People pay tribute to Genghis Khan with hada during the Spring Sacrifice ritual for Genghis Khan at the Mausoleum of Genghis Khan in Ejin Horo Banner, north China's Inner Mongolia Autonomous Region, April 23, 2011.  (Xinhua/Zhang Ling)

HOHHOT, April 23 (Xinhua) -- Tens of thousands of people from home and abroad flocked to the mausoleum of Genghis Khan on Saturday to honor the Mongolian national hero, as experts called for better preservation of this century-old custom.

About 50,000 people, including members of local Mongolian ethnic groups and visitors from the neighboring country of Mongolia, attended the annual memorial rite, said Qolubagatur, who presided over the ceremony.

"It's the 784th year that we held the sacrificial rite to our master, and the 'holy light' of the mausoleum has never gone out under the guard of our Dalhut families," said Qolubagatur. The Dalhut people are a branch of Mongolians who guard the mausoleum.

Hude, a 34-year-old engineer, said he carried on his family's duty to attend the ceremony after his aged parents could no longer make the journey.

"It has been a tradition that we have held for generations," said Hude, after presenting hada, a traditional white scarf, to the white jade statue of Genghis Khan.

To Hude and others of the Mongolian ethnic group, Genghis Khan was a national hero who united the grassland and founded the Mongol Empire in the 13th century. His grandson, Kublai Khan, established the Yuan Dynasty that ruled China from 1271 to 1368.

After the death of Genghis Khan, Mongolians placed his clothes, personal items, and a piece of camel hair that was believed to have preserved his soul in the mausoleum in the Ordos Highlands in what is now the Inner Mongolia Autonomous Region.

The real resting place of the Khan, however, remains unknown, as ancient Mongolians followed a custom of not marking their tombs.

For nearly 800 years, as many as 60 annual sacrificial rites, with the spring ceremony being the grandest, have continued.

The practice, however, is now facing a succession crisis, as younger Mongolians show less enthusiasm for sacrificial culture, said Naqige, deputy head of the mausoleum protection committee.

"Of the 16 Dalhut clans, eight have dropped the duty of guarding the mausoleum. Some descendants refused to follow the time-honored practice and chose other careers," said Naqige.

To step up protection of the culture, China listed the memorial rites as an intangible heritage under state protection in 2005. Now, those who guard the mausoleum are entitled to the same salary and benefits as a government worker.

Naqige and many other experts are also campaigning for UNESCO to list the practice as a UNESCO Intangible Cultural Heritage.

"For hundreds of years, the Dalhut people fought against all odds to protect the mausoleum and preserve the culture.

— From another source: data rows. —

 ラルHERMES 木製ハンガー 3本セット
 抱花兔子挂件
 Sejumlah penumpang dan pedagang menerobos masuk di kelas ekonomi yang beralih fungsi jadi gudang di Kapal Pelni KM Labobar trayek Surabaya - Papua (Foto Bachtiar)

That's why the mausoleum is so sacred to the Mongolians," said Qimeddorji, professor of Mongolian studies at the Inner Mongolia University.

Source:Xinhua, Chinese news agency

Monks stand with giant trumpets during the Spring Sacrifice ritual for Genghis Khan at the Mausoleum of Genghis Khan in Ejin Horo Banner, north China's Inner Mongolia Autonomous Region, April 23, 2011. (Xinhua/Zhang Ling)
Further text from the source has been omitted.